You might want to try looking through some O Scale (1/48) model railroad sites, most of the stuff is train related but theres got to be some hangars and control towers and whatnot.

http://www.internettrains.com/o-scale.html

Try searching this site too, they have just about everything you can think of that has to do with models here:

http://www.towerhobbies.com/


----------



## Maestro (Jul 13, 2005)

Thanks for the links, JCS.

The lone Control Tower kit I found was at 1:72 scale made by Airfix. However, they gave the dimensions of the finished kit on the web site. With a few calculs, I'll be able to create one in 1:48...

_Manufacturer - Airfix
Scale - 1/72
Material - Plastic Injection
Further Info - 80 parts, Length 122mm, Width 103mm, Height 124mm. Includes duty crew._

In 1:48, it would give 18.3 cm length, 15.45 cm width and 18.6 cm height.


----------



## Maestro (Jul 14, 2005)

Hey, I just remembered about a game screenshot I posted on this site. If I remember well, the airfield's drawing was based on pictures of Tangmere airfield.

The last pictures are 3D models of Belfast Truss Hangars that were made by a man called Dan Hamblin. His website is here :
 http://www.danhamblin.btinternet.co.uk/pages/belfast.htm

Using these shots, it should be relatively easy to build a Hangar at approximately 1:48 scale.

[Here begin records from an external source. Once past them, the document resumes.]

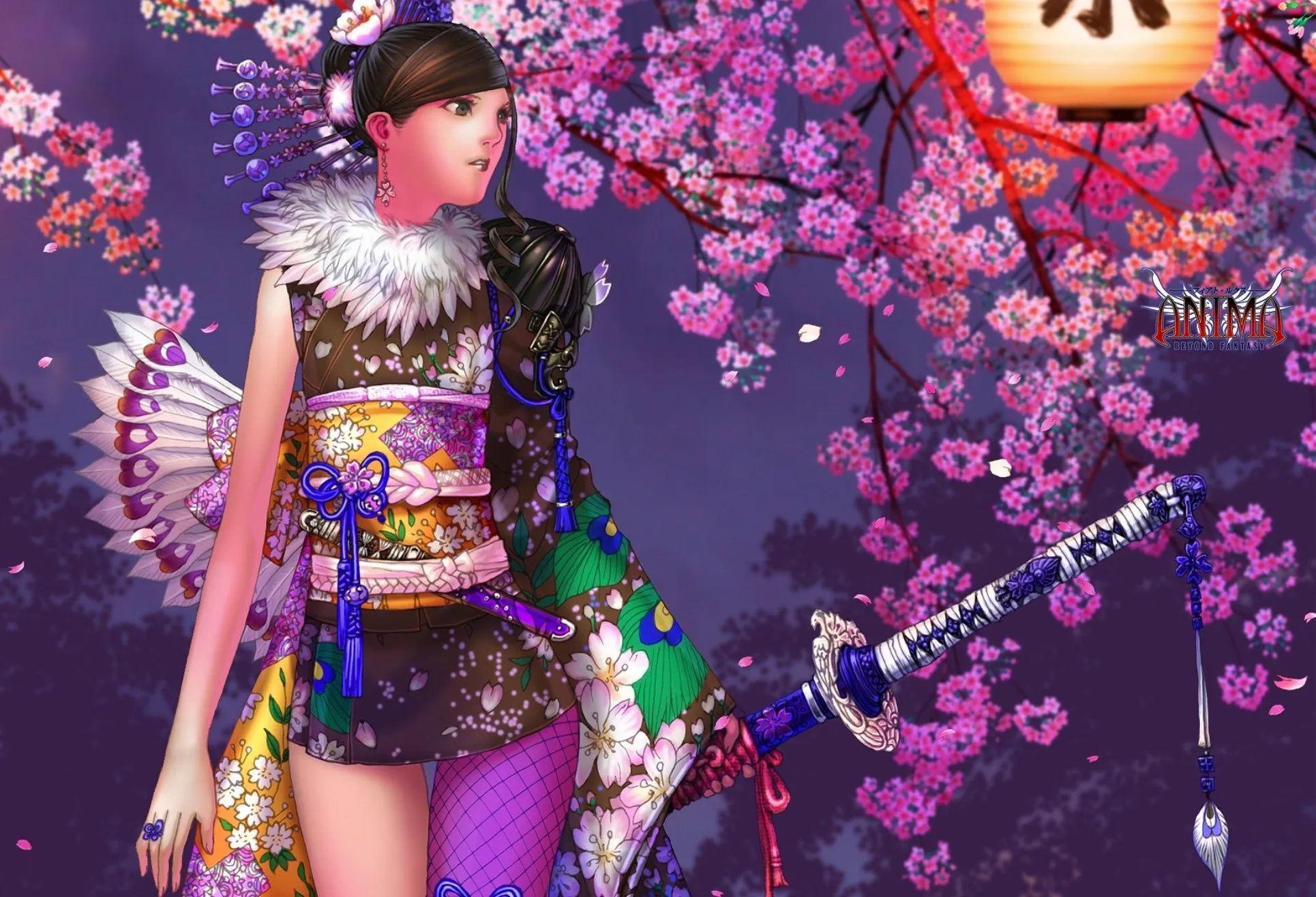 samurai, Girl, Fantasy, Flower, Pink, Dress, Sword Wallpaper HD / Desktop and Mobile Background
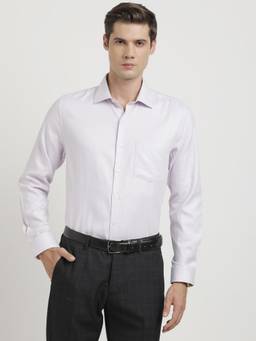 Turtle - Men Cotton Slim Fit Light Lavender Textured Full Sleeve Formal Shirt
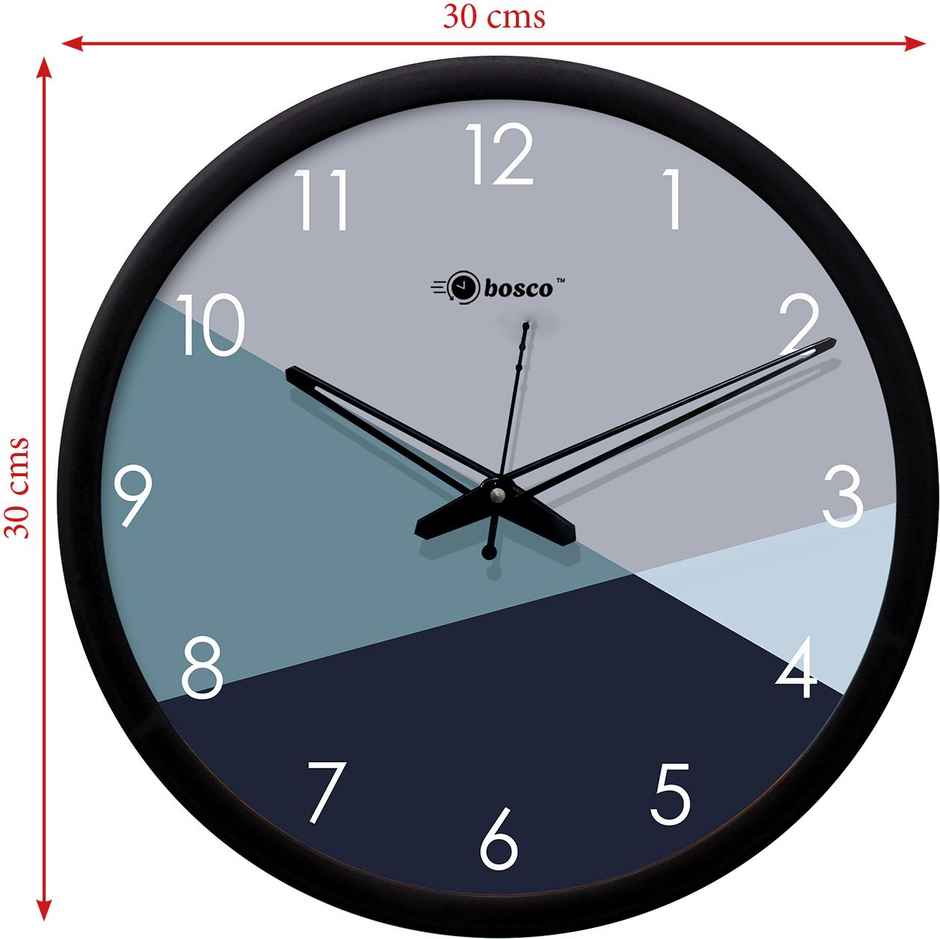 Bosco Decorative Silent Multicolour with Black Frame 30 CM Round Wall Clock BWC 1609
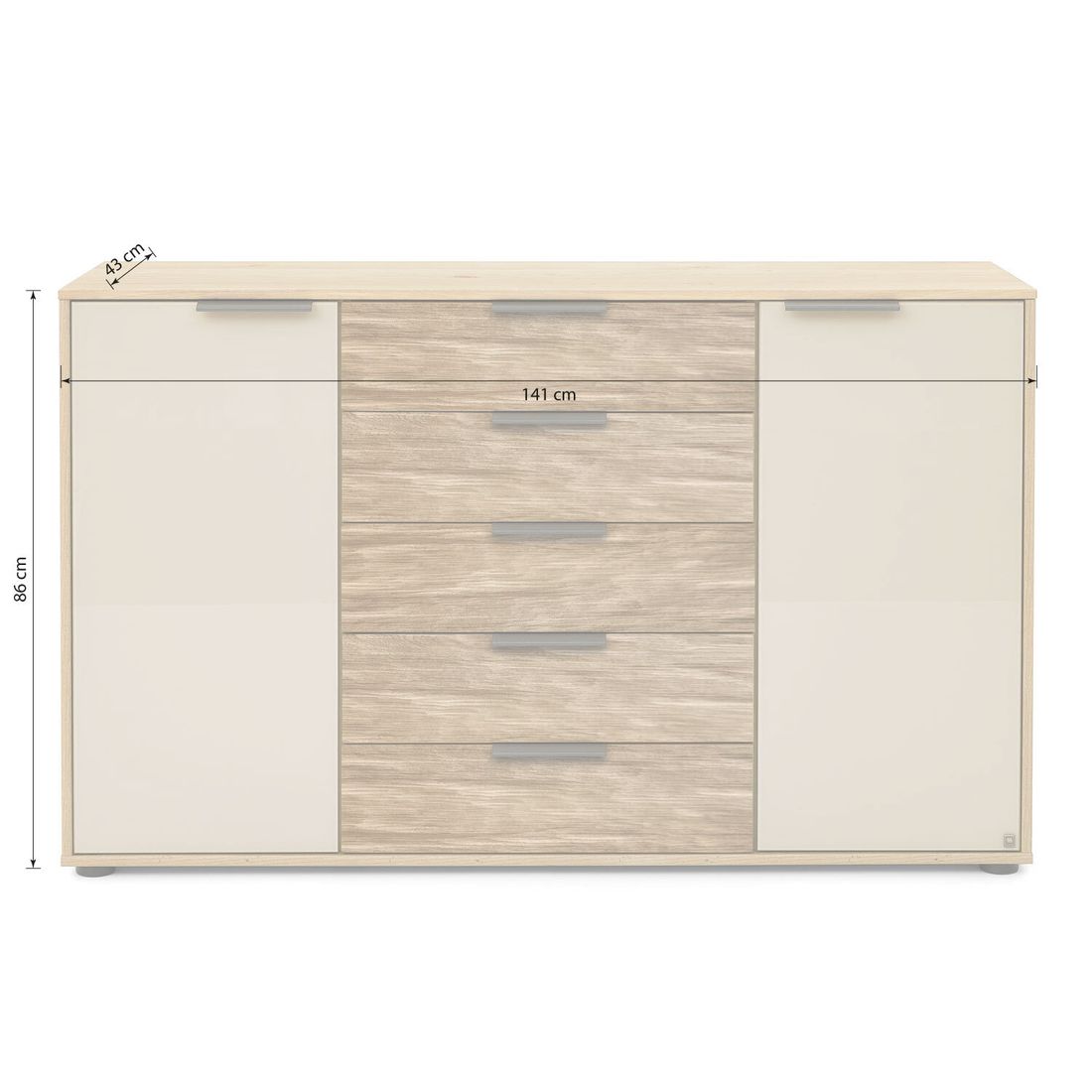 Musterring Sideboard San Francisco Eiche teilmassiv mit Schubladen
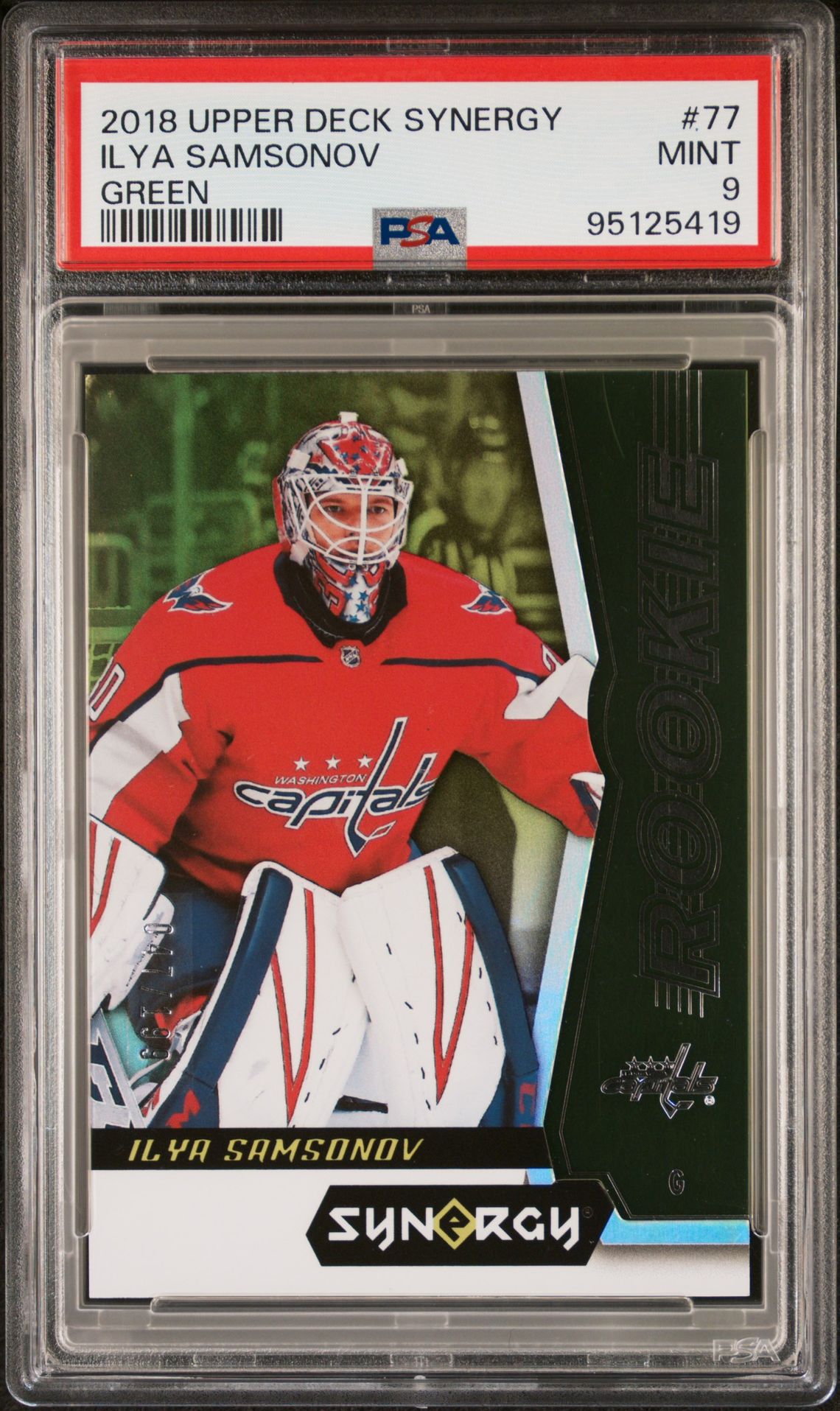 2018 Upper Deck UPPER DECK SYNERGY GREEN #77 Ilya Samsonov front
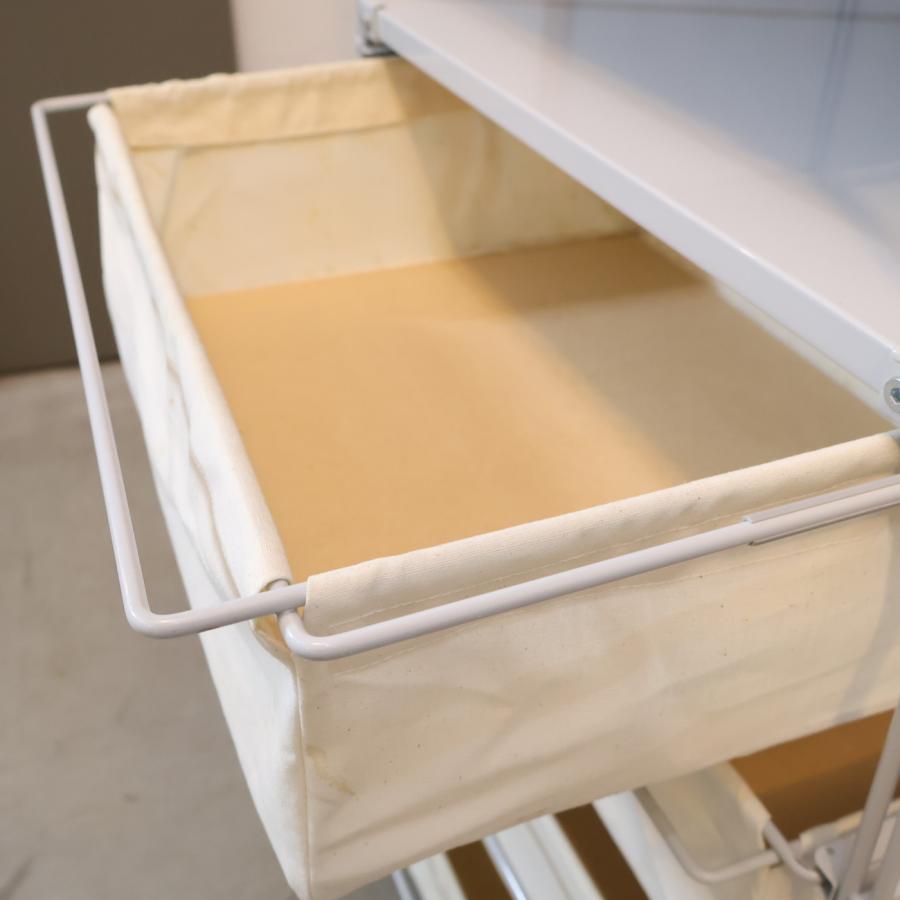 無印良品（MUJI） 帆布バスケット付き スチールユニットシェルフ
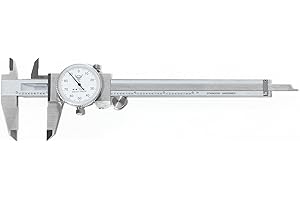 PEC TOOLS PEC Dial Caliper 0-6 Inch, Stainless Steel Precision Measuring Tool with Shock-Proof Dial, High Accuracy ±0.001"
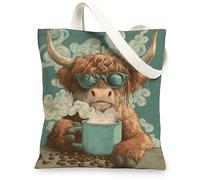 Fantasiosa borsa tote in tela, motivo mucca delle Highland, borse per la spesa riutilizzabili, leggere e lavabili, con tracolla per palestra, viaggi, spiaggia, picnic, 33 x 38 cm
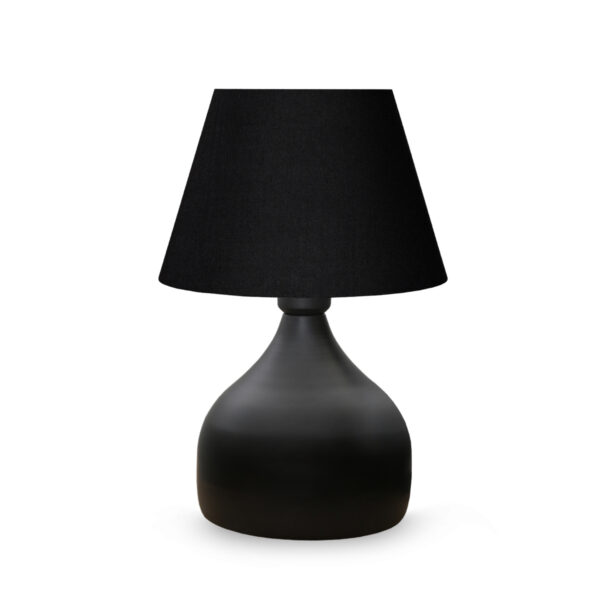 GloboStar® PYRAMID 204-0058 Μοντέρνο Eπιτραπέζιο Φωτιστικό Μονόφωτο 1 x E27 IP20 Μαύρο Μέταλλο με Μαύρο Ύφασμα – Μ22 x Π22 x Υ30cm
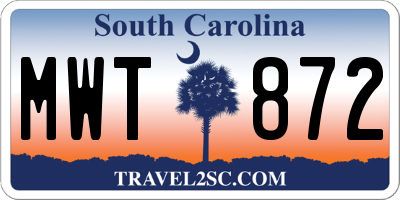 SC license plate MWT872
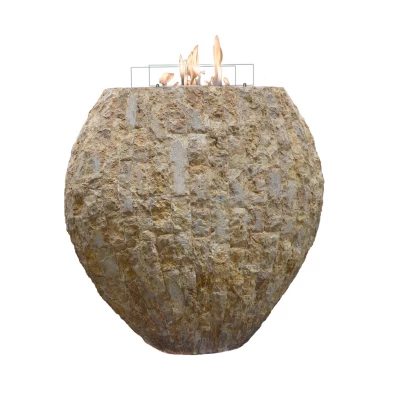 Xaralyns estetiska etanolkamin Shigo i naturstens look Fristående etanolkamin Shigo Fossil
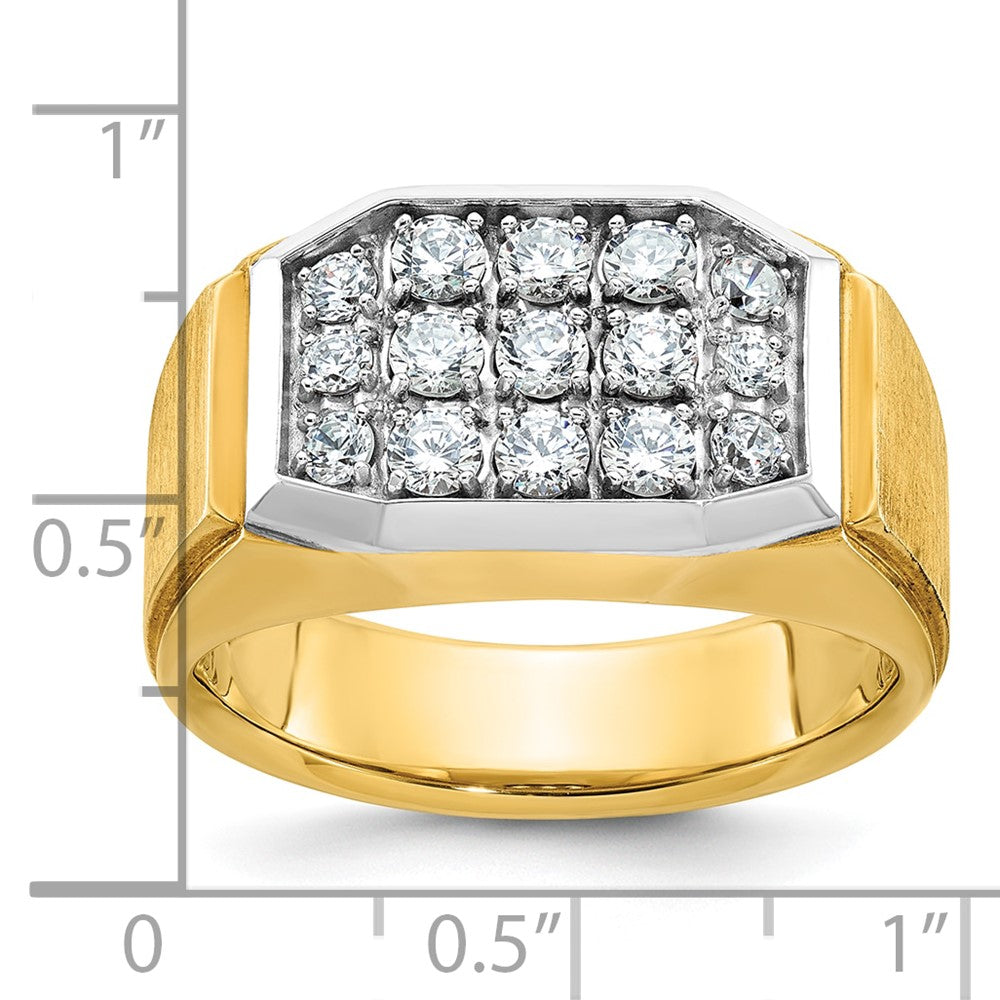 14k Yellow & Rhodium Gold with White Rhodium Men's Satin 1 carat Diamond Complete Ring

However, any help on dimensions is welcome...


----------



## Maestro (Jul 14, 2005)

Okay, I know I seem to speak alone in this thread, but I did it for me first.  

And I have good news (for the ones who may be interrested) : I found plans of a small hangar (looking like the "Belfast" type). According to the plans, that would be a hangar of the Barton airfield, near Manchester. I made a few researches, and I saw that it was used as a training airfield during WW II.

At the 1:48 scale, it would give me a 54cm X 54cm X 9.5cm high (excluding the "bubble" top).

Sorry it's in meters.

By the way, if any of you got any informations on Barton airfield during WW II, I'm interrested to hear about it.


----------



## evangilder (Jul 15, 2005)

Sorry, I have been watching the thread and had nothing to contribute. Sorry. I am not even sure where to dig up stuff like that.


----------



## Maestro (Jul 15, 2005)

evangilder said:


> Sorry, I have been watching the thread and had nothing to contribute. Sorry. I am not even sure where to dig up stuff like that.



Don't be sorry, I was only making a joke about this thread. I know that stuff can be VERY hard to find.

I made this thread because I thought that _may be_ a guy on the site could have worked on building a hangar like that on an airfield and still have the plans.

Also, I could have a nice place to post everything I found linked to "airfield accessories".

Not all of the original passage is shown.